- [MATERIAL PROVIDED]
_ _ _ _ _ _ _
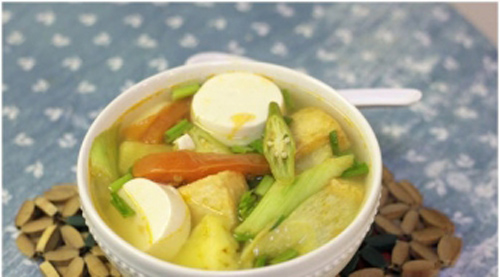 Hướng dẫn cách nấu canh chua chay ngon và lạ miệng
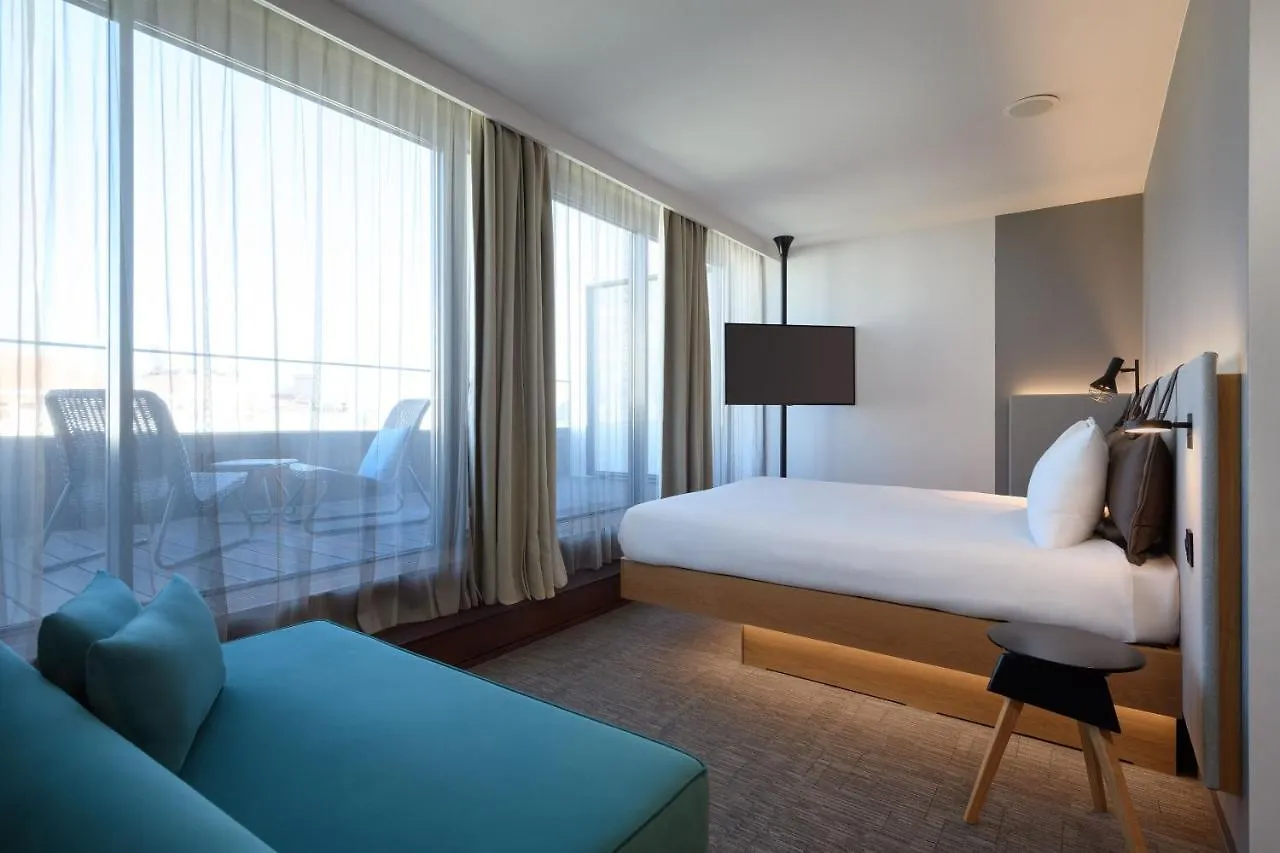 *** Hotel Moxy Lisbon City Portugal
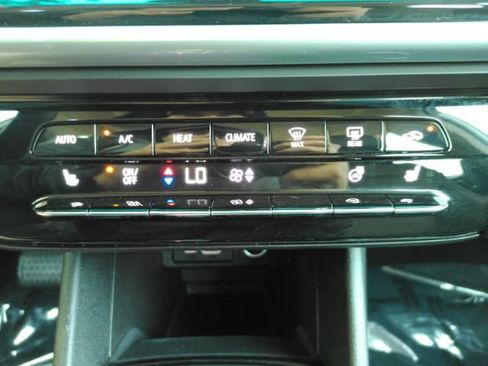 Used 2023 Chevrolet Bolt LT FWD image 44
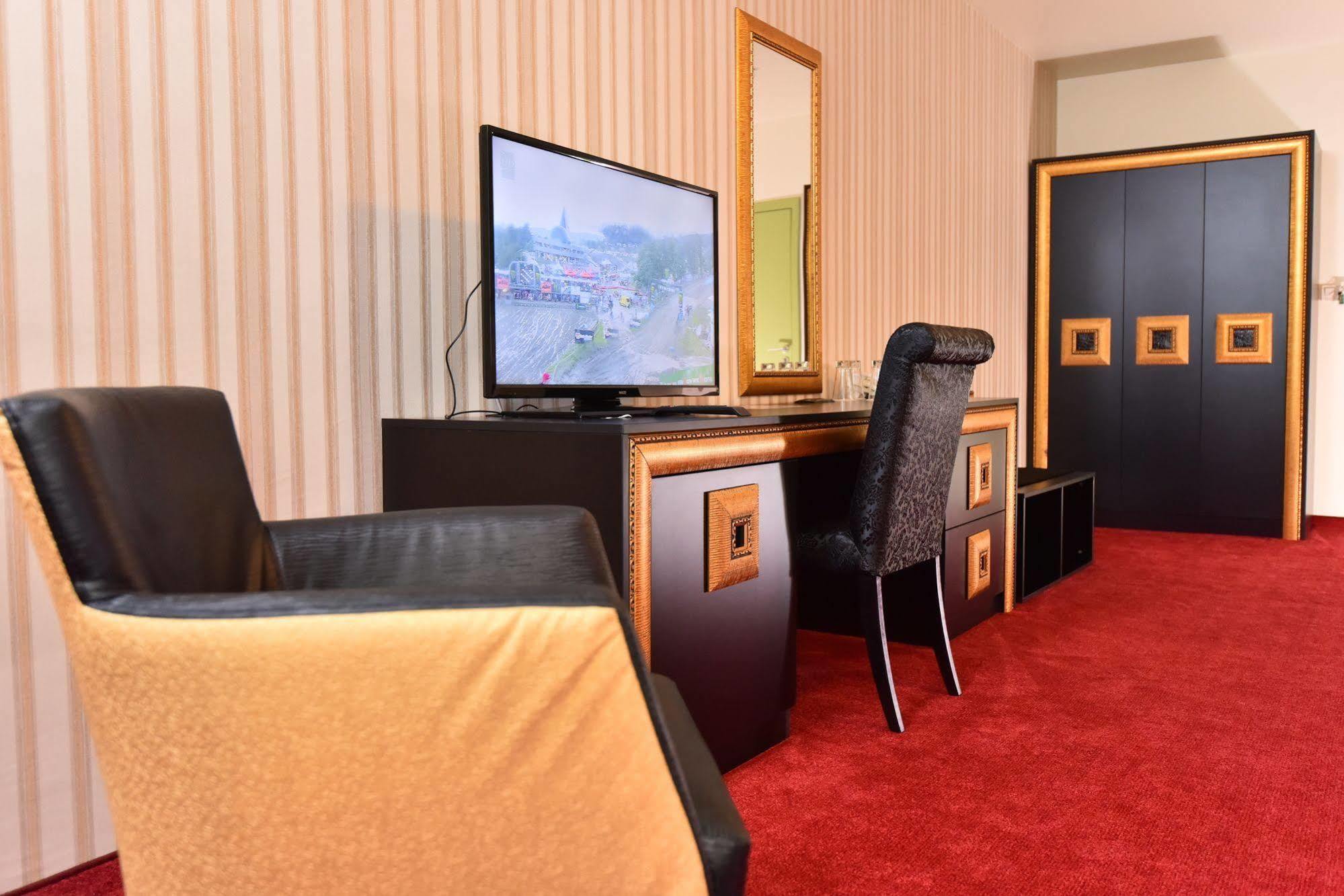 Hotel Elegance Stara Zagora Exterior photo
_ _ _ _ _ _ _
- [EXERCISE PROMPT]
Drop the pictures and set down the data above exactly.

- [EXPECTED ANSWER]
 Hướng dẫn cách nấu canh chua chay ngon và lạ miệng
 *** Hotel Moxy Lisbon City Portugal
 Used 2023 Chevrolet Bolt LT FWD image 44
 Hotel Elegance Stara Zagora Exterior photo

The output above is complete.